Когда днем я шел в парках, странное чувство поразило меня. Моя земля! Грусть, сладость, тревога!
Мне очень бы хотелось еще раз побывать на этой земле. Раньше лета, в лучшем случае весной, этого сделать нельзя (сезон). Но думаю, что летом исполню намеченное.
Напиши мне о своей жизни. Женат ли ты? Где работаешь? Если не лень — что-нибудь о стиле жизни в Киеве. Вопрос о поездке не так прост. Если я поеду, то обязательно с женою, и тут всплывают все эти беспокойства с «Континенталем» и прочее. Так напиши же мне о себе!
Твой Михаил.
П.С. Жену мою зовут Елена Сергеевна. И живем мы втроем: она, я и 8-летний Сергей, мой пасынок, — личность высоко интересная. Бандит с оловянным револьвером и учится на рояле.
Порадуй письмом.
М.
Нащокинский переулок, д. 3, кв. 44.
М.А. Булгаков ― П.С. Попову [697]
1935 г. 14 марта. Москва
Гравидан, душа Павел, тебе не нужен — память твоя хороша: дом № 3, кв. 44. Не одни киношники. Мною многие командуют.

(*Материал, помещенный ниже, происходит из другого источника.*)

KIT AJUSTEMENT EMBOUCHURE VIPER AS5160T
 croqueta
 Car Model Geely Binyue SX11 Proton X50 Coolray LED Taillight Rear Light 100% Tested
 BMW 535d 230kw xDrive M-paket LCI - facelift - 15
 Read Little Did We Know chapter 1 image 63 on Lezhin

Теперь накомандовал Станиславский [698]. Прогнали для него Мольера [без последней картины (не готова)], и он вместо того, чтобы разбирать постановку и игру, начал разбирать пьесу.

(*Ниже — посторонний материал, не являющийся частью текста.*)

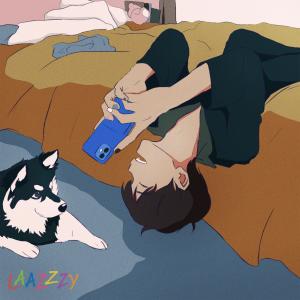 김우성的專輯Lazy (feat. Reddy) (Explicit)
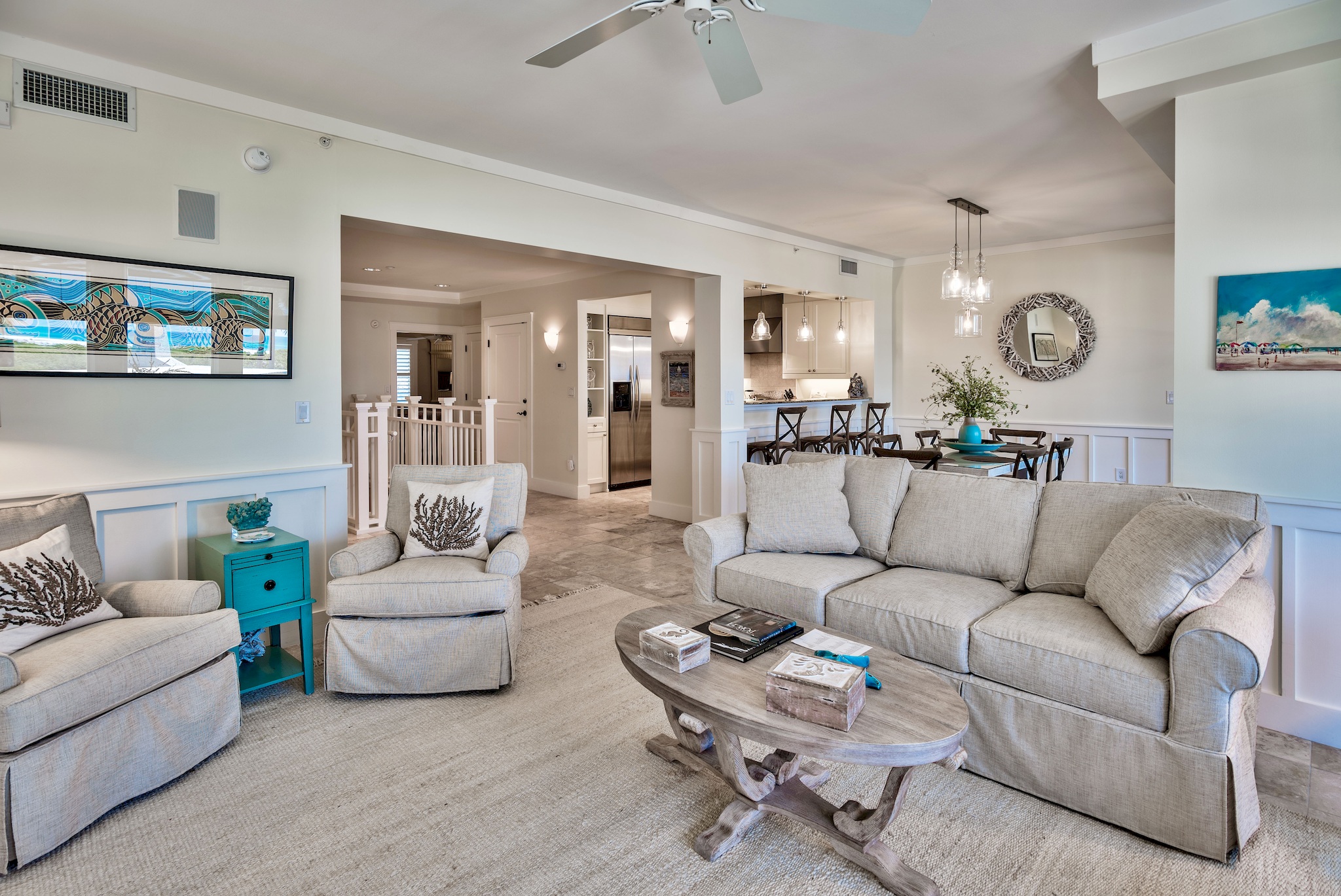 Beaches Of South Walton Condo 931600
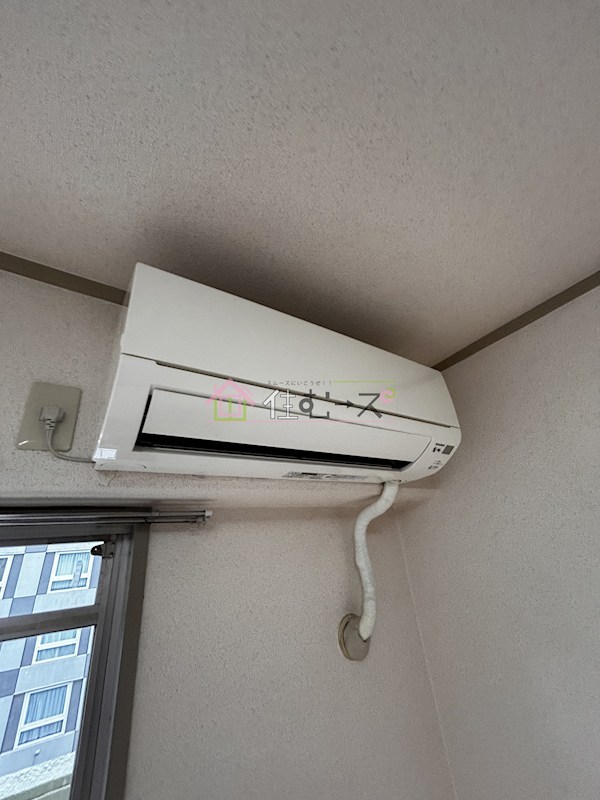 白倉マンション その他5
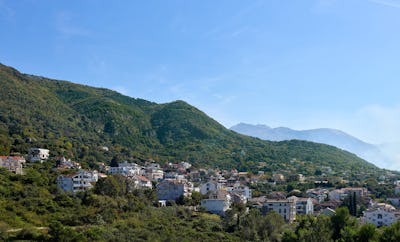 SIRO Room - Mountain View Twin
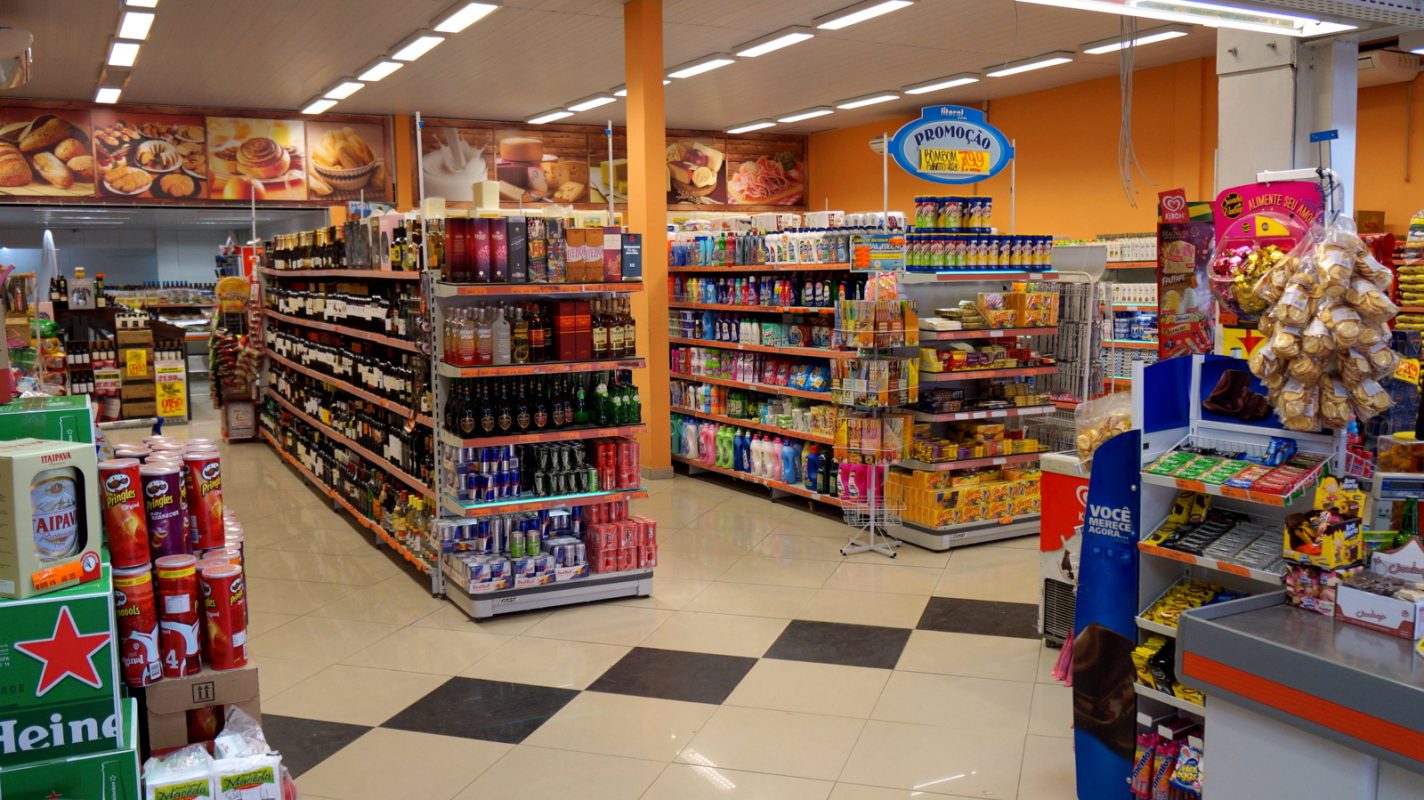 Cámara Salón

В присутствии актеров (на пятом году!) он стал мне рассказывать о том, что Мольер гений и как этого гения надо описывать в пьесе.

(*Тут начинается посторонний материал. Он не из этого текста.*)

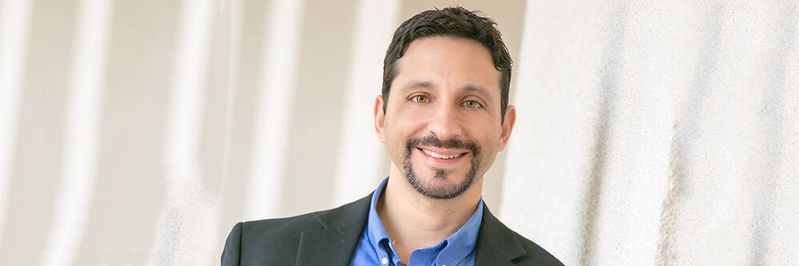 Galeal Zino sagt, dass es an der Zeit ist, sich von der alten Weitverkehrsvernetzung zu verabschieden und mit neuen, agilen Methoden in die Zukunft zu gehen.(Bild:  © 2016 Photography By Busa / NetFoundry)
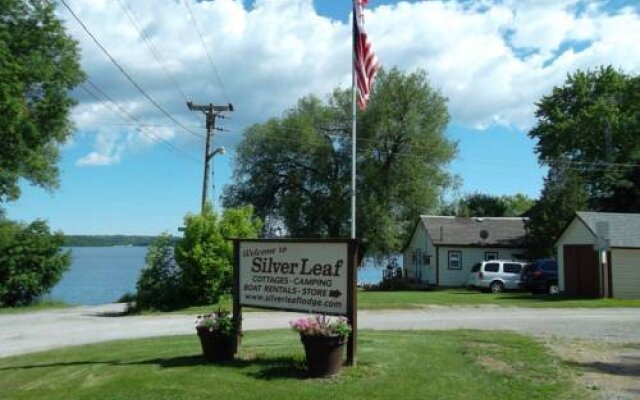 Silver Leaf Cottages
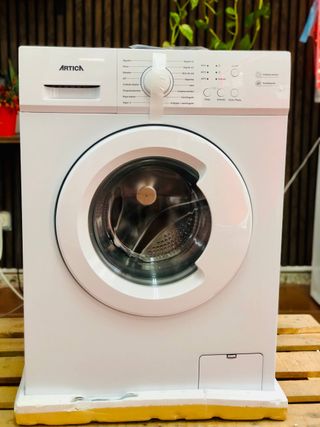 Lavadora Artica 6Kg Clas A  FRIGOMARK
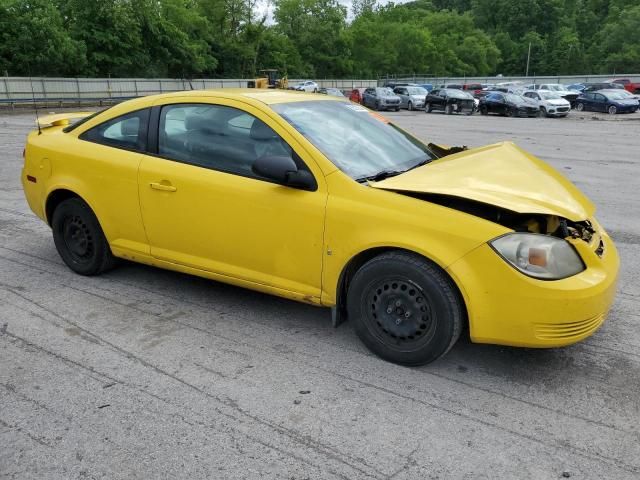 2009 Chevrolet Cobalt LS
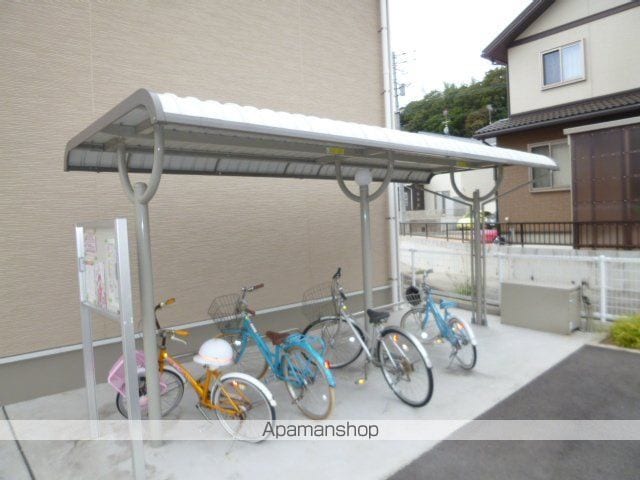 プラシード柿の木坂のその他写真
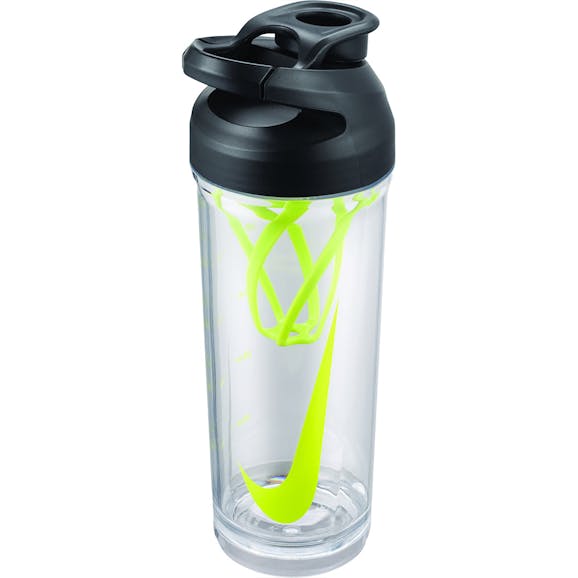 Nike TR Hypercharge Shaker Bottle 24 oz Nike TR Hypercharge Shaker Bottle 24 oz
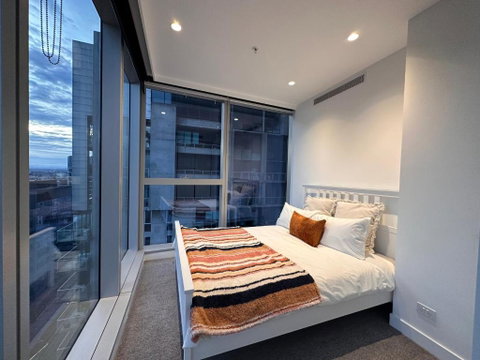 Apartment With Panoramic View - Accommodation Broome 0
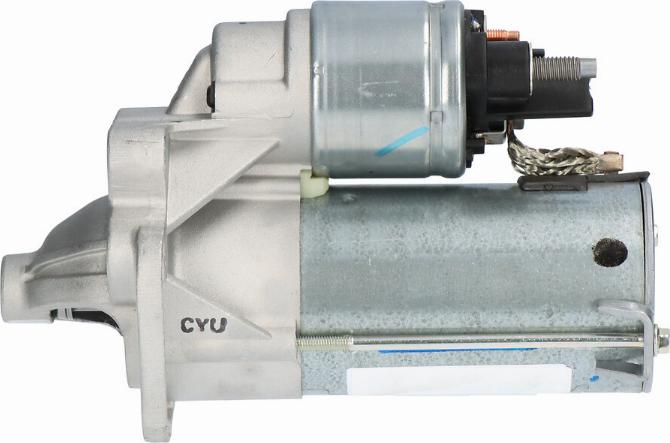 Valeo 460428 - Starter www.autospares.lv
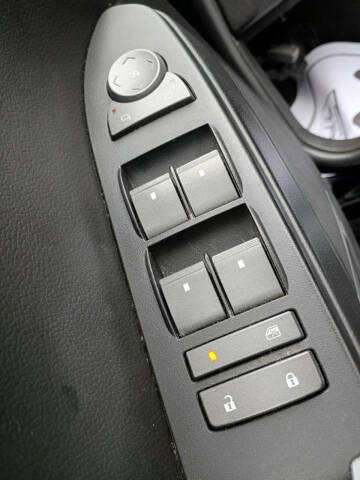 2012 Cadillac CTS 3.0L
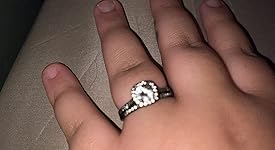 Review Image by Elizabeth Elizabeth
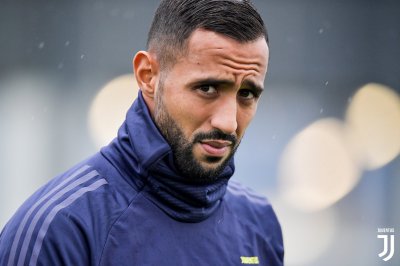 أليغري يحتوي المهدي بنعطية وهذا ماقاله في حقه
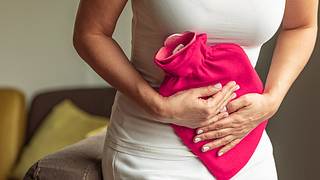 Wechseljahre und Blutungen: Nur eine hormonelle Verirrung? - Foto: iStock / solidcolours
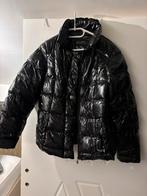 Mooie winter pufferjas Authentic, Kleding | Dames, Jassen | Winter, Zwart, Zo goed als nieuw, Authentic, Ophalen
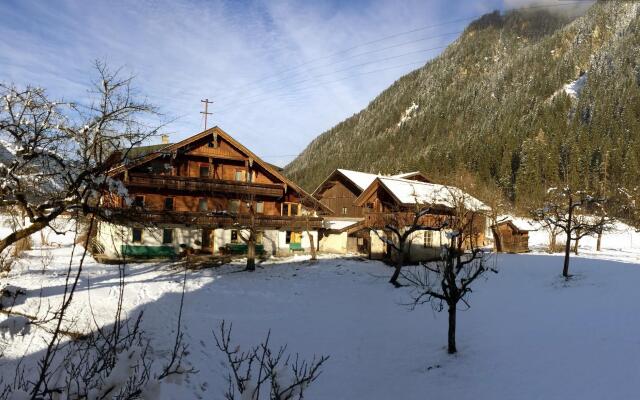 Frühstückspension Kassnerhof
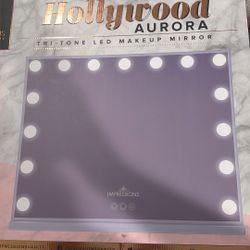 Vanity Makeup Mirror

Актеры хищно обрадовались и стали просить увеличивать им роли.
Мною овладела ярость. Опьянило желание бросить тетрадь, сказать всем: пишите вы сами про гениев и про негениев, а меня не учите, я все равно не сумею. Я буду лучше играть за вас. Но нельзя, нельзя это сделать! Задавил в себе это, стал защищаться.
Дня через три опять! Поглаживая по руке, говорил, что меня надо оглаживать, и опять пошло то же.
Коротко говоря, надо вписывать что-то о значении Мольера для театра, показать как-то, что он гениальный Мольер и прочее.
Все это примитивно, беспомощно, не нужно. И теперь сижу над экземпляром, и рука не поднимается. Не вписывать нельзя — пойти на войну — значит сорвать всю работу, вызвать кутерьму форменную, самой же пьесе повредить, а вписывать зеленые заплаты в черные фрачные штаны!.. Черт знает, что делать!
Что это такое, дорогие граждане?
Кстати — не можешь ли ты мне сказать, когда выпустят Мольера? Сейчас мы репетируем на Большой сцене. На днях Горчакова [699] оттуда выставят, так как явятся «Враги» [700] из фойе.
Натурально пойдем в филиал, а оттуда незамедлительно выставит Судаков с пьесой Корнейчука [701]. Я тебя и спрашиваю, где мы будем репетировать и вообще когда всему этому придет конец?
Довольно о «Мольере»!
Своим отзывом о чеховской переписке [702] ты меня огорчил. Письма вдовы и письма покойника произвели на меня отвратительное впечатление. Скверная книжка! Но то обстоятельство, что мы по-разному видим один и тот же предмет, не помешает нашей дружбе.